A whopping funding shortfall could see Christchurch City Council sell down its stakes in Lyttelton Port, Christchurch Airport and electricity company Orion

A whopping funding shortfall could see Christchurch City Council sell down its stakes in Lyttelton Port, Christchurch Airport and electricity company Orion

Christchurch City Council may be forced to sell large chunks of its council owned companies including electricity lines company Orion NZ, Christchurch International Airport, Lyttelton Port Co and the city's Red Bus Co. to meet a funding shortfall.

A report on the Council's finances has revealed it may need to find an additional $783 million to $883 million by 2019.

In releasing the report by investment bank Cameron Partners, Christchurch mayor Lianne Dalziel said a combination of government assistance, a reduction in the council's operational spending and a release of capital was the only way the Council could address uncertainty around its finances.

The release of capital is most likely to come from the sale of shares in several infrastructure companies owned by the Council through its subsidiary Christchurch City Holdings Ltd (CCHL), which owns 89.3% of Orion NZ, 79.3% of Lyttelton Port Co, 75% of Christchurch International Airport and 100% of Enable Services which is building the ultra-fast broadband network in Christchurch, City Care Ltd which is an infrastructure maintenance company, Red Bus Co. which provides transport services in Canterbury and  EcoCentral which provides recycling services in Canterbury.

"We have gross assets worth $8.3 billion, with $2.6 billion of that owned by our commercial arm, Christchurch City Holdings," Dalziel said.

"But we also have reduced revenues as a result of the earthquakes, as well as unsustainably high debt levels.

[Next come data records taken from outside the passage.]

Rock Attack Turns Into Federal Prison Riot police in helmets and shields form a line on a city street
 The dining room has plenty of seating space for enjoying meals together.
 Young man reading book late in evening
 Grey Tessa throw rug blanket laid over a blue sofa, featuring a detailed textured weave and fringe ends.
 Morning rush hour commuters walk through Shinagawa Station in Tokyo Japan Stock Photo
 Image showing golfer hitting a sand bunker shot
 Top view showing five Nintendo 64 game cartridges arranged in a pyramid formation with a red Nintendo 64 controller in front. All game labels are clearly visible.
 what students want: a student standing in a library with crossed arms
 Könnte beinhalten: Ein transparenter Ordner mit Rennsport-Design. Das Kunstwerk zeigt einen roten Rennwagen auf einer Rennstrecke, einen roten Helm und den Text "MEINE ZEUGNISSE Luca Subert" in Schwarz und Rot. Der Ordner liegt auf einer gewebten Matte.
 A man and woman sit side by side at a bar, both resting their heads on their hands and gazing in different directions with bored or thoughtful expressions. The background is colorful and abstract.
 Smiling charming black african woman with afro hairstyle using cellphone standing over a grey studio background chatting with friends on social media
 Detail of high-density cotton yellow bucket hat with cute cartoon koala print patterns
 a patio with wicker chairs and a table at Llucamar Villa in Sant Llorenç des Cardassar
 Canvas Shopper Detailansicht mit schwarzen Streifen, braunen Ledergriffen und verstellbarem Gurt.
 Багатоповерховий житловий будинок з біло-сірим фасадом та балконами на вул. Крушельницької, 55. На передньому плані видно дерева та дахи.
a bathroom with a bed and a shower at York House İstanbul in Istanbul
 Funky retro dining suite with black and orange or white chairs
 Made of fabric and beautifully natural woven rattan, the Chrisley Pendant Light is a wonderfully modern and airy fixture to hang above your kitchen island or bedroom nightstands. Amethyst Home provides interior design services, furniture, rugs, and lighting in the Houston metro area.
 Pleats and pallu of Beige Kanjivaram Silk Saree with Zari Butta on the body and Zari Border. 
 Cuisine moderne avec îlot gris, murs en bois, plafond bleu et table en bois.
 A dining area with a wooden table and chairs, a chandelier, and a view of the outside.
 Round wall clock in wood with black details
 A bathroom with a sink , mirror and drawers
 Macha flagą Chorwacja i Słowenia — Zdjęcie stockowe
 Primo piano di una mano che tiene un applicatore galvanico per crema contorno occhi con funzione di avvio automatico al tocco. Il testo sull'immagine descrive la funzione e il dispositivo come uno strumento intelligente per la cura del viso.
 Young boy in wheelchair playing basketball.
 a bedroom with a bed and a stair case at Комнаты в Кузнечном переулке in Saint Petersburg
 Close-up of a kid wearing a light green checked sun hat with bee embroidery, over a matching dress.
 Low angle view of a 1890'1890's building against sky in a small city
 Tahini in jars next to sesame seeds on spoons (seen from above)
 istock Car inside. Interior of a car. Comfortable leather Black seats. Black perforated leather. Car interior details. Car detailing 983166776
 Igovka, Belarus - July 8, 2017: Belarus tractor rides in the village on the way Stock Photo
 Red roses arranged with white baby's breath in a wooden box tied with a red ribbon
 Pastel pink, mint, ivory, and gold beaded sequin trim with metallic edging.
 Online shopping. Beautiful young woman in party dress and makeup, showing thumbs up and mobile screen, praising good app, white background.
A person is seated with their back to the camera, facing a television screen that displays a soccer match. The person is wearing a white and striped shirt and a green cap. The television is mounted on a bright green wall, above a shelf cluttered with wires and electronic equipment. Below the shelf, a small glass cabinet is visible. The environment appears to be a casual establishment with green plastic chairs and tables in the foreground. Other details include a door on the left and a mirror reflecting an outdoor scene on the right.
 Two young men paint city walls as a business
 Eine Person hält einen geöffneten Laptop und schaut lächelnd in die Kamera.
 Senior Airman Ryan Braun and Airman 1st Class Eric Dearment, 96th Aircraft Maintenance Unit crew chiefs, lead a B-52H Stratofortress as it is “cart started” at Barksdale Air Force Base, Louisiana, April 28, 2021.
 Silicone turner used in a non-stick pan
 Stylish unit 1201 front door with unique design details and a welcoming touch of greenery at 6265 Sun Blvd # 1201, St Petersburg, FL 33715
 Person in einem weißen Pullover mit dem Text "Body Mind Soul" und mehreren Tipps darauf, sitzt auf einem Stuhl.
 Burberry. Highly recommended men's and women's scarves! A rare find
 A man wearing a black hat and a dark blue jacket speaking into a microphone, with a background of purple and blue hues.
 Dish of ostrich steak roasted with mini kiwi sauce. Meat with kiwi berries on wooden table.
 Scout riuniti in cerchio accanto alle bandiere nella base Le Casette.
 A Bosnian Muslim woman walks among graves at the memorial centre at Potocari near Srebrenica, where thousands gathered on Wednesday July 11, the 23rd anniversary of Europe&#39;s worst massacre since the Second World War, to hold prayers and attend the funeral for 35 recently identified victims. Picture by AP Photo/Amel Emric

"We can't borrow any more," she said.

"This means we must look at all available options to solve the potential shortfall in funding.

"From the financial reports we have received and subsequent analysis of those reports, we would be looking at releasing up to $400 million from CCHL." 

The most likely scenario is for a partial sell down of the council's most valuable commercial assets, the port and airport companies and Orion.

The council would be looking for options which ensured the city maintained "strategic control of its key infrastructure assets," Dalziel said.